本日は、
ヴァンサンカン連載記事用の撮影日。実は10日ほど前に予定されていたのだが、アイスランドの火山灰の影響でカメラマンの小野さんのフライトがキャンセルになり、お互いのスケジュールを調整した結果、今日まで延期になってしまったのだった。
あいにくの雨模様。で、自宅兼仕事場がそのまま撮影現場に。本日は階段と、窓枠を背景に使用。こんなとき、ヨーロッパの古い家(我が家は築120年ほど)は、撮影背景には事欠かず、便利なことこの上ない。
いつものことながら、たった一枚の写真を作りこんでいくまでの試行錯誤はひらめきと忍耐の総結集だ。私は大して役にも立たないにわかアシスタントだが、レフ板を持ったり、ドライヤーで風をつくったりと、子供の工作に通じる楽しさを味わいながらの一日。お付き合いの長い小野さんとは、けっこう真面目に仕事談義などもしたが、「近頃の日本の雑誌はほんとにつまらない」という点で意見が一致。

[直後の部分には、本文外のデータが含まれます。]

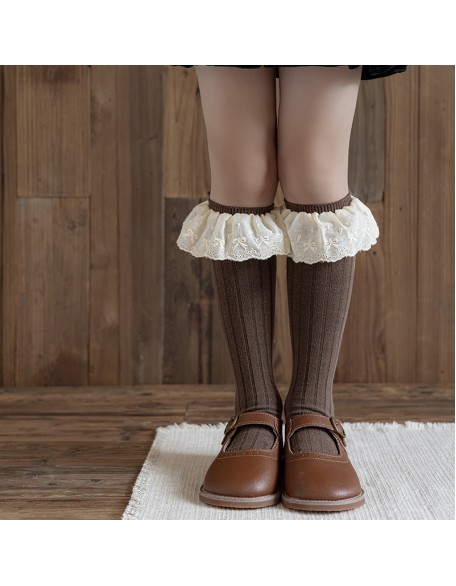 Retro Princess lace socks autumn and winter lace Lolita children's long cotton socks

世が雑誌黄金時代だった頃とは比べ物にならない質の低下、役割の低下、インパクトの低下。しかしこうした低迷ぶりを嘆いたところでどうにもならない。一職人として、少なくとも、自分に与えられた仕事には、それがどんな小さなものであろうとも、高いクオリティを宿らせ続けていきたいものだ。たとえ、それがあだ花に終わるのだとしても・・・。そして、今どきの日本の原稿料では、日本以外の先進国ではまったく食べていけないとしても・・・。
ちなみに本日撮影分はヴァンサンカン7月号より順次掲載予定。